Après un siècle de stagnation, le gouvernement libéral de Paul Martin a présenté à deux reprises un projet de loi pour décriminaliser le cannabis. La première tentative, en 2003, est tombée à l'eau quand le gouvernement s'est prorogé. Même sort pour la deuxième quand le gouvernement a perdu le vote de confiance qui a déclenché les élections de 2006.

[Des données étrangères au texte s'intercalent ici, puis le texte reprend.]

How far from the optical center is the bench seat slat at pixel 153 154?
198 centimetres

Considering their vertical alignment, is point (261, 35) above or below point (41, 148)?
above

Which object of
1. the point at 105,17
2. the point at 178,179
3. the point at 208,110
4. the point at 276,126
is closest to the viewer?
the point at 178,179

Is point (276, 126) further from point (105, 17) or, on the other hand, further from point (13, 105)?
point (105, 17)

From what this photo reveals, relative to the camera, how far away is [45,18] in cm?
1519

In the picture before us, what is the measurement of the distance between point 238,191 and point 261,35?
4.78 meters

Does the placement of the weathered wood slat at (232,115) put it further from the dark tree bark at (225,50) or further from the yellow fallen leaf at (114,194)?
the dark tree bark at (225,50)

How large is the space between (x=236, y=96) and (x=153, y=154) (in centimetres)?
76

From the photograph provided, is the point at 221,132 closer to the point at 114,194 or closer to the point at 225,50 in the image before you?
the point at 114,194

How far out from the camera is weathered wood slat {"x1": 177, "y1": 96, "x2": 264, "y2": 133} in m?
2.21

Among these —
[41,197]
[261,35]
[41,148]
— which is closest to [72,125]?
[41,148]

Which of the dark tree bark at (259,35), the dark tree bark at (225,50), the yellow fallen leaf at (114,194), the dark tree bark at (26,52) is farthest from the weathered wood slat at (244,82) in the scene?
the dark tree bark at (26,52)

Ensuite, Stephen Harper. Le Canada a régressé vers l'âge de pierre de la législation sur le cannabis. Les conservateurs ont instauré des peines plus sévères pour le trafic de marijuana, dont une peine minimale obligatoire de deux ans pour quiconque est trouvé coupable de vente de cannabis à des mineurs ou près d'une école, ou partout où des mineurs peuvent se trouver, ou dans n'importe quel espace public où il est concevable qu'une personne mineure puisse passer, n'importe quand, dans le passé, dans le présent et dans le futur. Pour ceux qui sont pris à cultiver du cannabis, il a aussi haussé les peines maximales de sept à quatorze ans. Après tout, le cannabis est « infiniment pire » que le tabac, dixit Harper, et ceux qui en font pousser sont des monstres.

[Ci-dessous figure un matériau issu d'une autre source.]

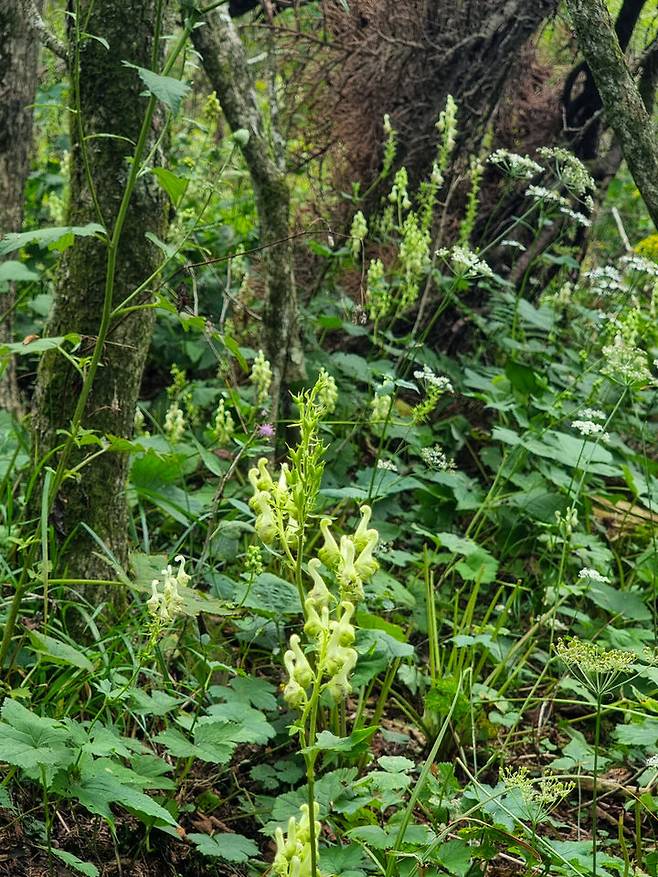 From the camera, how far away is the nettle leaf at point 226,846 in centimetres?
220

Ironie du sort, les projets de loi des conservateurs ont échoué à deux reprises, tout comme ceux des libéraux. Le premier à cause d'une prorogation en 2009 et le second parce que le gouvernement a perdu un vote de confiance au début de 2011. En 2015, Justin Trudeau a été élu après avoir promis de légaliser la marijuana, et c'est là que nous en sommes.

La morale de l'histoire? Fumer du pot tous les jours si ça vous chante, ça vous regarde.